• _Directions_
Both ends included, set down the lines from the line containing "Zanin vai relatar" through the last line of the records below, without pictures.

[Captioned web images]
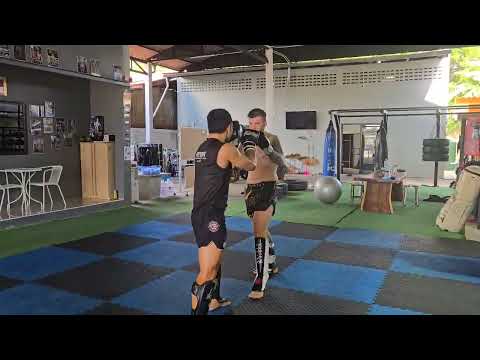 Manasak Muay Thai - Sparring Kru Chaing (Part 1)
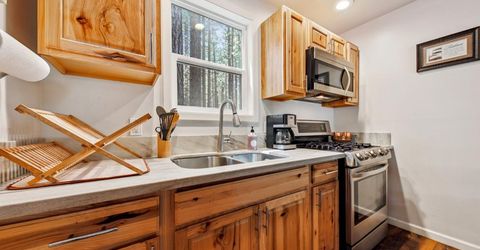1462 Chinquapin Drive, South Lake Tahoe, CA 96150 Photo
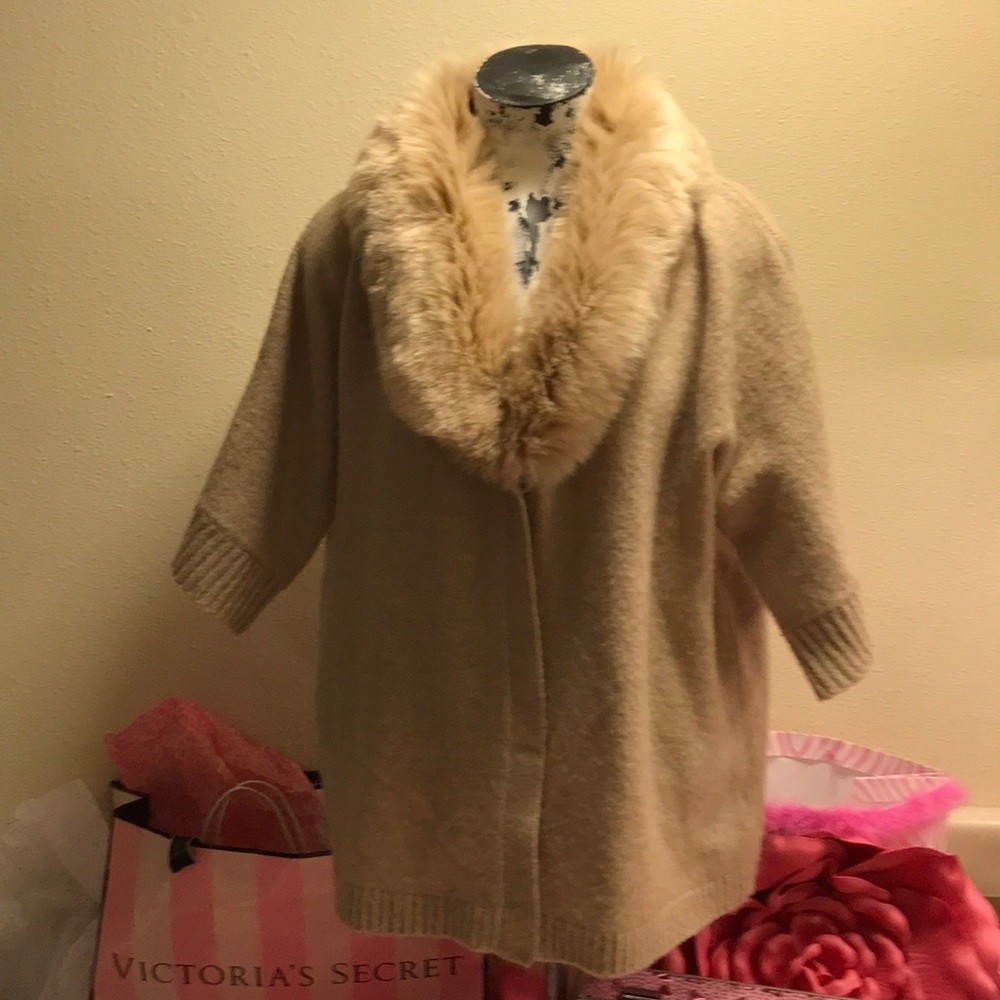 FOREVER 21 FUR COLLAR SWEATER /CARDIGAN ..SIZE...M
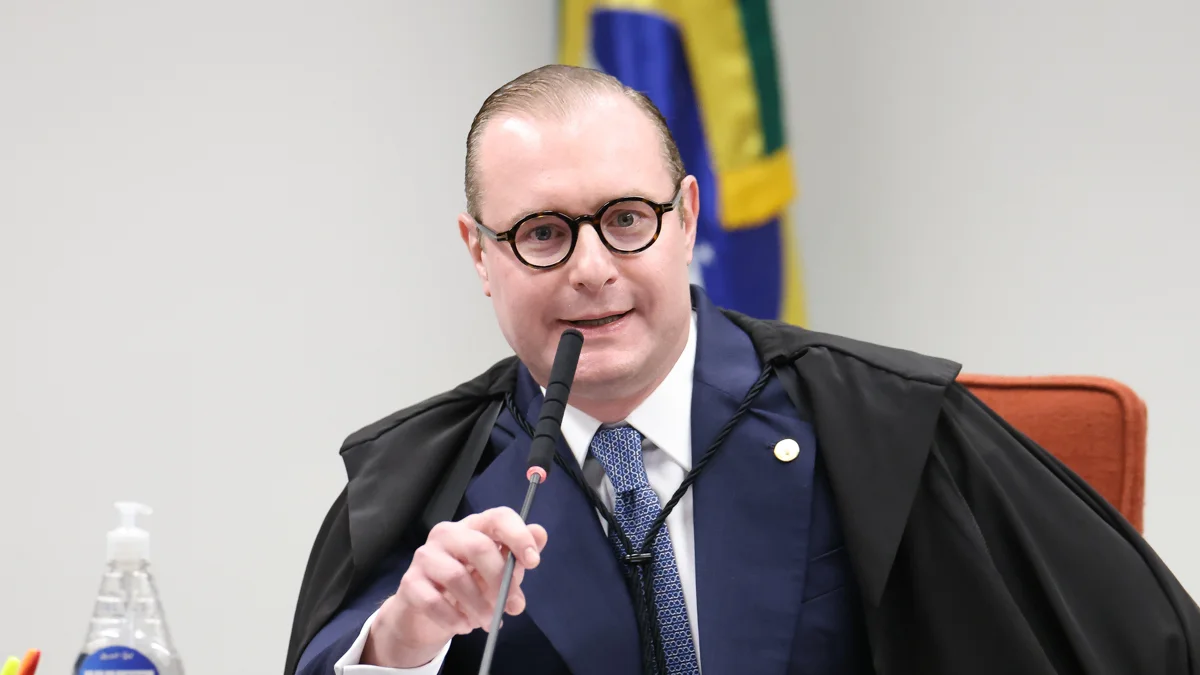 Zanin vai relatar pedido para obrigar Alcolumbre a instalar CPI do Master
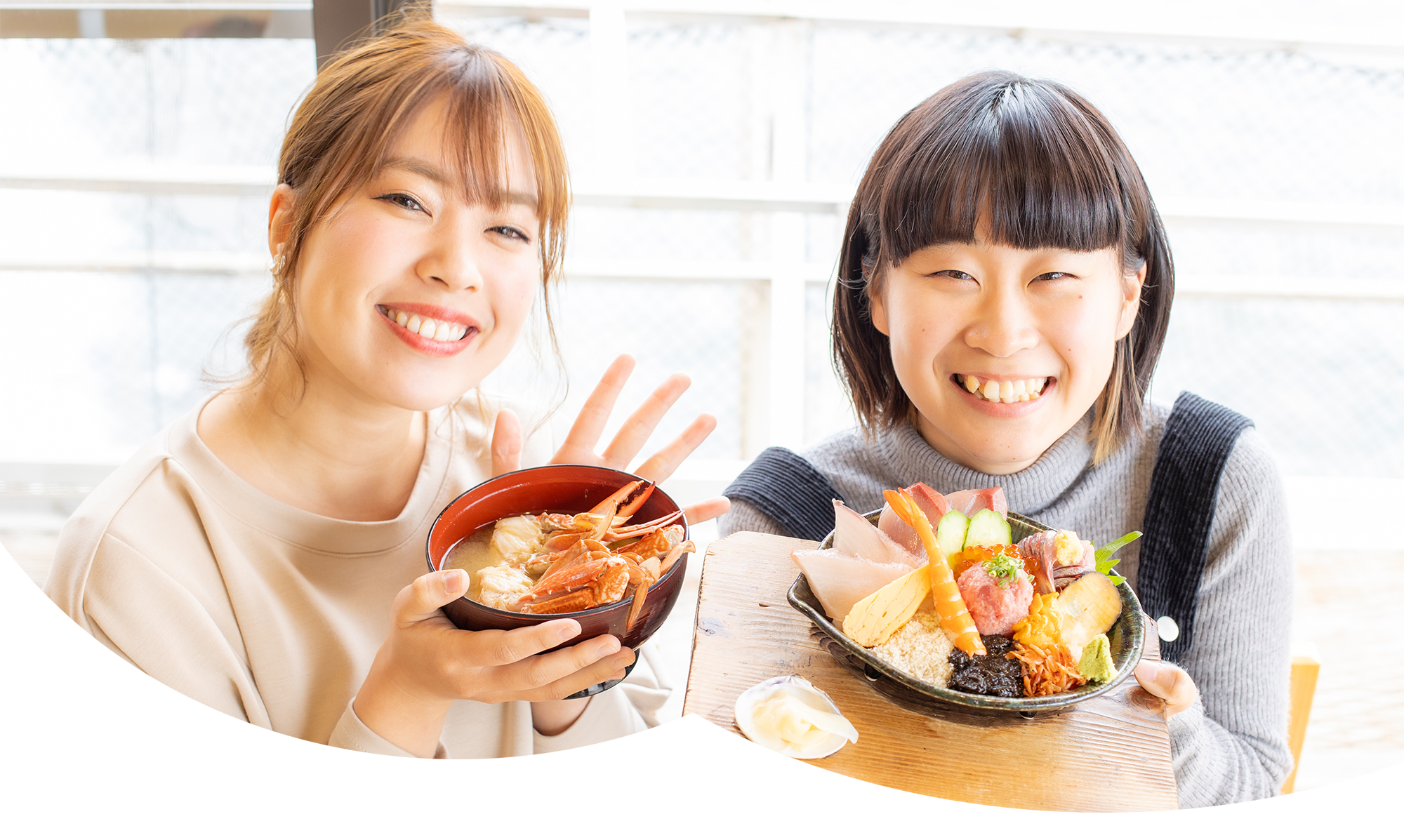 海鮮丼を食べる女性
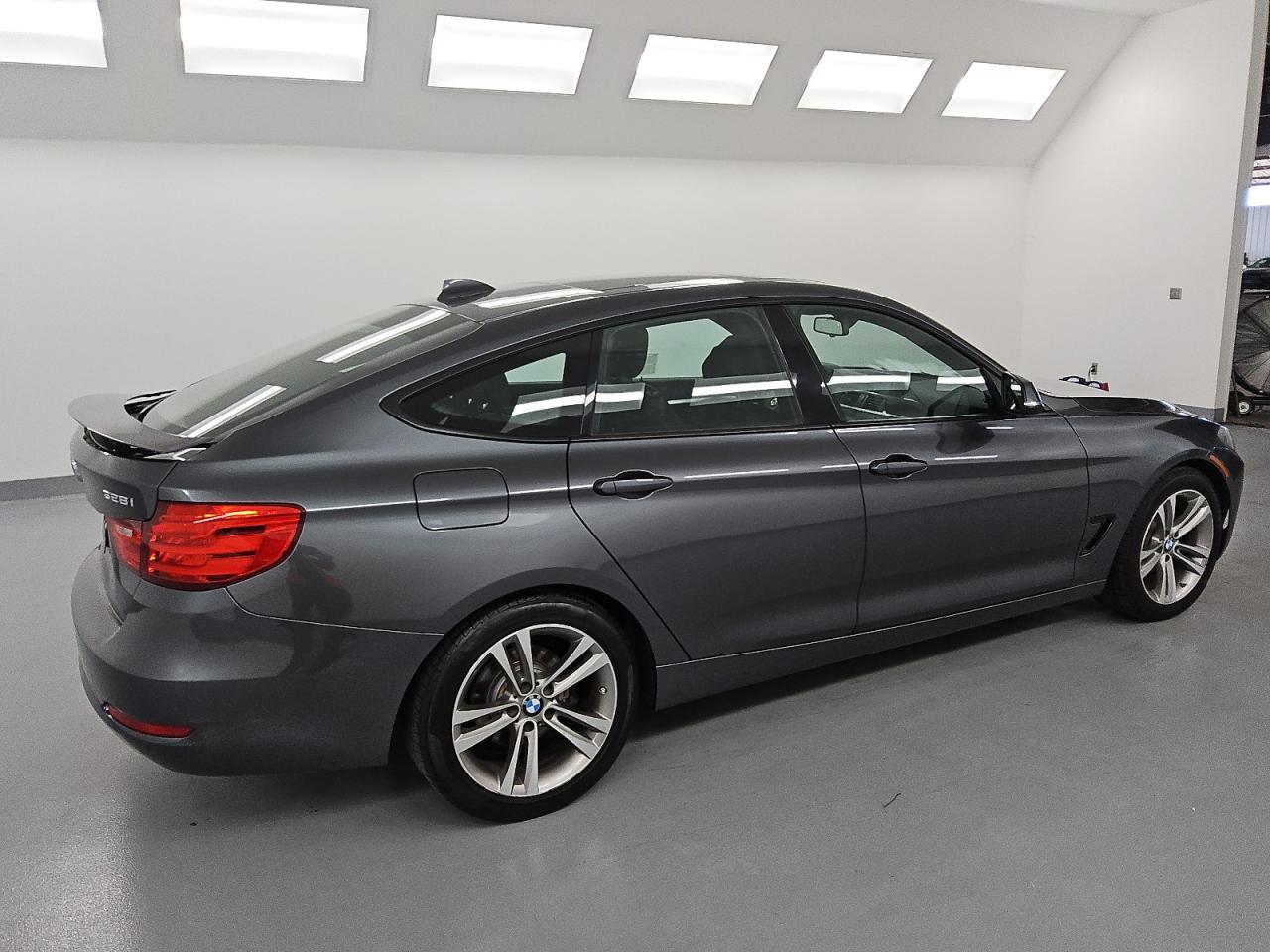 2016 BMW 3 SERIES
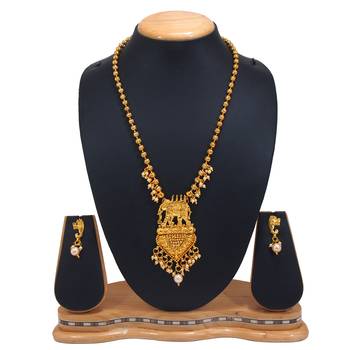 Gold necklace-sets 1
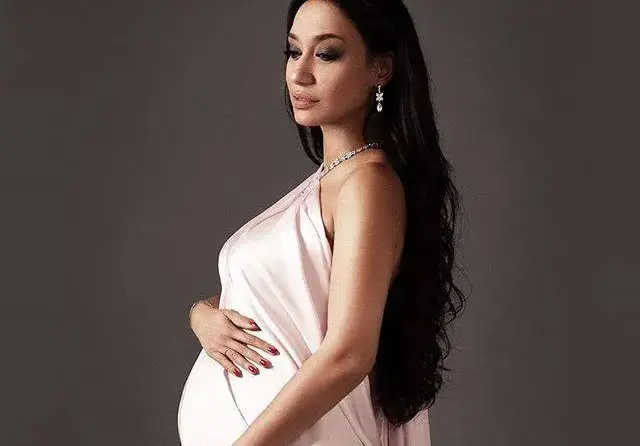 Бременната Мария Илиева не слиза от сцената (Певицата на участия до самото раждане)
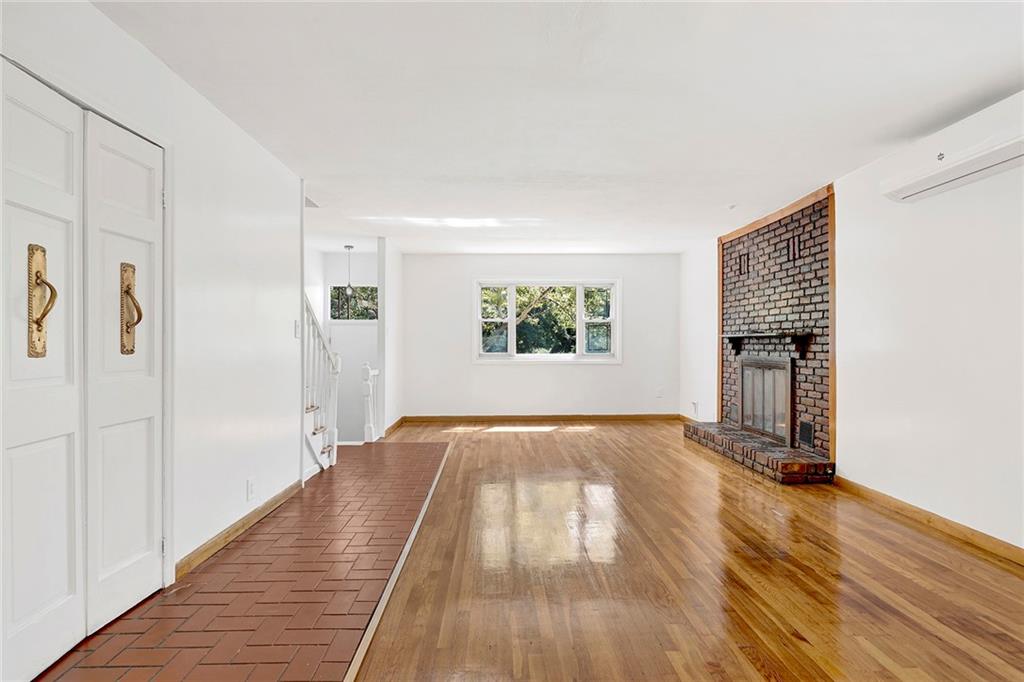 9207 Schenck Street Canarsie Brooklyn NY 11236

• _Response to this task_
 Zanin vai relatar pedido para obrigar Alcolumbre a instalar CPI do Master
 海鮮丼を食べる女性
 2016 BMW 3 SERIES
 Gold necklace-sets 1
 Бременната Мария Илиева не слиза от сцената (Певицата на участия до самото раждане)
 9207 Schenck Street Canarsie Brooklyn NY 11236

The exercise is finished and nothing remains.